There is very little chance that this will prevent confusion outside of a specific set of users who are already familiar with this hideous name. It doesnt even make too much sense in an engineering context unless you hunt down the specific proposal in the c++ realm and extrapolate its meaning from that document. I have never heard this word in the context given here, unlike cachelinesize.

Its also confusing because of the semantics of constructive and destructive -> min, max.

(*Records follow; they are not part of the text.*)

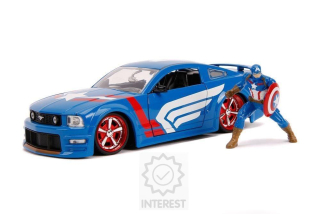 Ford Mustang GT s figurkou Captain America 1:24. Jata Toys - (K72197)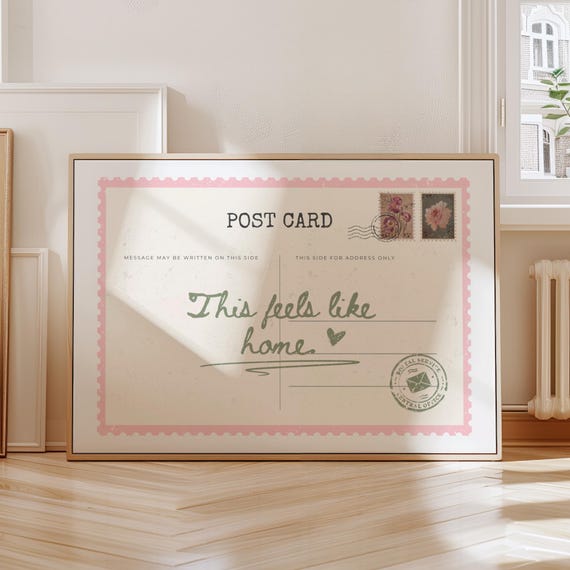 This Feels Like Home Print Vintage Postcard Wall Art Aesthetic Apartment Decor Girly Dorm Decor Hallway Wall Art Light Pink Olive Green Art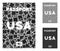 American passport Mosaic Icon of Humpy Elements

Sorry for leaving the bike without hair, but I think the name is bad.

@AlexRouSg
Copy link
Contributor Author

@as since you down voted every comment with a proposed name, even MaxCacheLineSize
What would you suggest be a good name?

@AlexRouSg
Copy link
Contributor Author

Sorry just noticed you up voted type CacheLinePad [64]byte
In that case, where would the min cache size fit? Or do you not think it's needed?

@as
Copy link
Contributor

as commented May 12, 2018

The c++ proposal:

http://www.open-std.org/jtc1/sc22/wg21/docs/papers/2016/p0154r1.html

  • Destructive interference size: a number that’s suitable as an offset between two objects to likely avoid false-sharing due to different runtime access patterns from different threads.

  • Constructive interference size: a number that’s suitable as a limit on two objects’ combined memory footprint size and base alignment to likely promote true-sharing between them.

A quote from the author of the proposal who introduced the proposed terms that C++ uses. The author wrote (this was from a stackoverflow question):

I authored the proposal, great answer! To clarify one point you made: "I would almost always expect these values to be the same. I believe the only reason they are declared separately is for completeness.". Yes, they should always be the same unless: 1) the ISA has shipped with different cacheline sizes, and no target arch is given; 2) you're targeting a virtual ISA such as WebAssembly for which the actual ISA is unknown (then you get best-effort). On constexpr: it's required to constexpr for the value to be usable in determining struct layout. Runtime values are useful in other circumstances. – JF Bastien

It appears that the two values should be the same, and were only included for completeness. I don't know what completeness means in this context exactly. A few articles suggest that false sharing on L2 is not possible where as at least one family of benchmarks suggests performance gains occur when data are padded to a multiple of the L1 cache line size (it implies that some prefetching is done to L2 in pairs, so that multiple is 2 and the value used is 128 instead of 64).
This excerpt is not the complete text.